ALLERDALE council’s leader has vowed to hold the new executive to account, speaking ahead of his expected departure from the top job.

Coun Alan Smith is gearing up to lead Labour in opposition after his party went from pole position to third place in the local elections earlier this month.

It was a political upset that saw the Independents clinch 19 seats, the Conservatives keep 15 and Labour plunge from to 27 to 14.

But a defiant Mr Smith said he would continue to fight to protect services from the other side of the council chamber as he prepares to face off against a likely Independent-Tory coalition.

He said: “My main objective is to make sure Allerdale gets the services they deserve and to ensure that the administration is held to account over everything they have promised to the people out there.”

The Local Democracy Reporting Service has revealed earlier this week that one of the most likely outcomes will see the borough council led by Independent Wigton councillor Marion Fitzgerald, with Conservative leader Mark Jenkinson serving as her deputy.

Mr Smith also revealed that he had been approached with the offer of Labour forming part of a Rainbow Alliance but had refused.

He also stressed that he had not courted members of the Independents or Conservatives to make up an administration.

He added: “What you end up with when you do that – and what’s happening now with the Tories and Independents – is that you can’t come to any kind of consensus or agreement.”

Mr Smith would have needed to find 11 non-Labour councillors who were willing to work with him.

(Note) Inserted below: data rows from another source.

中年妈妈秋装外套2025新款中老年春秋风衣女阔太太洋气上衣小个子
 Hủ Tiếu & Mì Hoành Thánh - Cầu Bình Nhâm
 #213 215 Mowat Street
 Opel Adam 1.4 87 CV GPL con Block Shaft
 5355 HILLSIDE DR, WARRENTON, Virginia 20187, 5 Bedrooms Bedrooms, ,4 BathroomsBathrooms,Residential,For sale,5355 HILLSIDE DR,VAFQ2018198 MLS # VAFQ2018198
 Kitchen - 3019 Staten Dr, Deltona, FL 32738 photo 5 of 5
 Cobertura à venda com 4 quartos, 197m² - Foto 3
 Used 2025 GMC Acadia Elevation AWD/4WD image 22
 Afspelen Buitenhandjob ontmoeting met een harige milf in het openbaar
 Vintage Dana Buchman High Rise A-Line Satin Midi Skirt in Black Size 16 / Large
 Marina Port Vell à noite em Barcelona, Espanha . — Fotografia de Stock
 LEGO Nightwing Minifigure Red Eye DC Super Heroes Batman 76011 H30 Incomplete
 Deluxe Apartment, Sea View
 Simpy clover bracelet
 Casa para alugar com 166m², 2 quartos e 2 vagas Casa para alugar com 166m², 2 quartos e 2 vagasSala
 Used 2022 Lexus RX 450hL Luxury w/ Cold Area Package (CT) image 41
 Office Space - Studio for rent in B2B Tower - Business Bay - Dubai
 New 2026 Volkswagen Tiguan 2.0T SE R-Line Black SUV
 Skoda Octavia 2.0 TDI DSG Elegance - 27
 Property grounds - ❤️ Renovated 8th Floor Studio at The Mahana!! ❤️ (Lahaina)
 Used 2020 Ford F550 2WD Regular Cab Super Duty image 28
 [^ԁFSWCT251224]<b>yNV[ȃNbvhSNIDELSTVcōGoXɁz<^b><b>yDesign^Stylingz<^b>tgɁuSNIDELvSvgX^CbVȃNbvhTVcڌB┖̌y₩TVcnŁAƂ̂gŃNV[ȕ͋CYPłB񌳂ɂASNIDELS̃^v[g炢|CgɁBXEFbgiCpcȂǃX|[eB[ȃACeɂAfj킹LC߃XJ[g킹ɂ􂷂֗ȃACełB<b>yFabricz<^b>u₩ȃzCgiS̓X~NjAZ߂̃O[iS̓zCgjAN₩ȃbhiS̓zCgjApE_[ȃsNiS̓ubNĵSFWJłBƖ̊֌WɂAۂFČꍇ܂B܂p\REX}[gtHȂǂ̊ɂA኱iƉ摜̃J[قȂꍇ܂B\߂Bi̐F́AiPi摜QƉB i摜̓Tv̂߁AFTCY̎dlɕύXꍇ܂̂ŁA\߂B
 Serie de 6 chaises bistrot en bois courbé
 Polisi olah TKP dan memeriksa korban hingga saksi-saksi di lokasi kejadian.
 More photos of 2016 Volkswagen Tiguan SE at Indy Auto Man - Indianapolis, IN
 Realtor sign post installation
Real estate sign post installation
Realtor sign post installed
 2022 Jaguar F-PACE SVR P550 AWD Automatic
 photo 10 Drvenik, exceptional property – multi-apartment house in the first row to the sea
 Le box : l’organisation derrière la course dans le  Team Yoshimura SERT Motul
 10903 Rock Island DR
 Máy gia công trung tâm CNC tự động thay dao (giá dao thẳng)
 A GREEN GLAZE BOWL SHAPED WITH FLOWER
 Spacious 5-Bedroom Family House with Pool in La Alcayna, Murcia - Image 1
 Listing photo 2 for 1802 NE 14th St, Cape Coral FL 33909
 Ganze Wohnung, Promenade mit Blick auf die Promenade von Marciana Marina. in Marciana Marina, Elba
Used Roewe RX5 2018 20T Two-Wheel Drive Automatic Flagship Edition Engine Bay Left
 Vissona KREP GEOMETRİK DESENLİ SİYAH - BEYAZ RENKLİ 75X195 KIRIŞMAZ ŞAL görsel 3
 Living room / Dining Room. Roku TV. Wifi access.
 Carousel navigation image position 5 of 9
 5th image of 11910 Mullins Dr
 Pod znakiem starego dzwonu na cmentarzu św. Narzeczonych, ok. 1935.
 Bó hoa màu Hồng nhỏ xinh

But he said he was convinced he had done the “right thing” by refusing to strike a deal or to woo political support from the factions.

“I have been led to believe that there is no way they will sort things out (by the deadline of May 22),” he added.

The council has been asked if it will respond to claims that delegated powers could be signed over to officers in the event of a leader not emerging at the Annual General Meeting on May 22.

The communications department has also been asked to respond to rumours that officers could be given powers to enforce a proportional administration in the event of a political stalemate.

But they have not been able to provide an answer to either question at the time of publication.